[Free-text object descriptions]
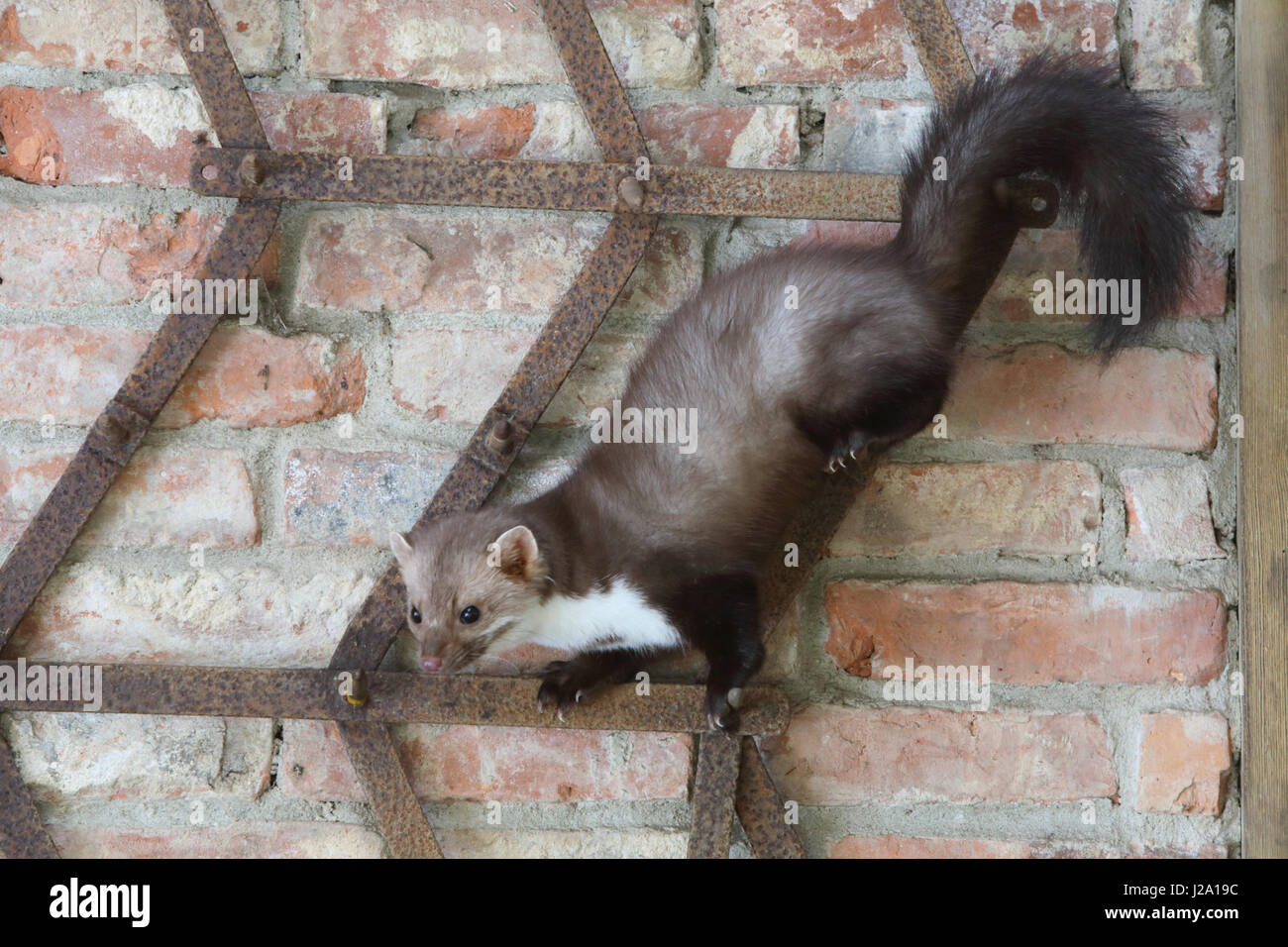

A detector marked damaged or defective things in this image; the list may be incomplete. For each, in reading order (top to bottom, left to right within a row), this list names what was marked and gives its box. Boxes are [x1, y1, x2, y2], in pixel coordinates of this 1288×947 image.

rusty metal bar [161, 0, 270, 150]
rusty metal bar [538, 0, 649, 162]
rusty metal bar [896, 0, 973, 106]
rusty metal bar [190, 148, 901, 221]
rusty metal bar [0, 199, 280, 644]
rusty metal lattice [0, 0, 1045, 860]
rusty metal bar [0, 665, 783, 736]
rusty metal bar [0, 736, 58, 860]
rusty metal bar [337, 726, 443, 860]
rusty metal bar [690, 731, 741, 860]
rusty metal bar [736, 736, 804, 860]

Description of the task: Extract every line of the data exactly; pictures stay out.

Output of the task:
A detector marked damaged or defective things in this image; the list may be incomplete. For each, in reading order (top to bottom, left to right within a row), this list names what was marked and gives its box. Boxes are [x1, y1, x2, y2], in pixel coordinates of this 1288×947 image.

rusty metal bar [161, 0, 270, 150]
rusty metal bar [538, 0, 649, 162]
rusty metal bar [896, 0, 973, 106]
rusty metal bar [190, 148, 901, 221]
rusty metal bar [0, 199, 280, 644]
rusty metal lattice [0, 0, 1045, 860]
rusty metal bar [0, 665, 783, 736]
rusty metal bar [0, 736, 58, 860]
rusty metal bar [337, 726, 443, 860]
rusty metal bar [690, 731, 741, 860]
rusty metal bar [736, 736, 804, 860]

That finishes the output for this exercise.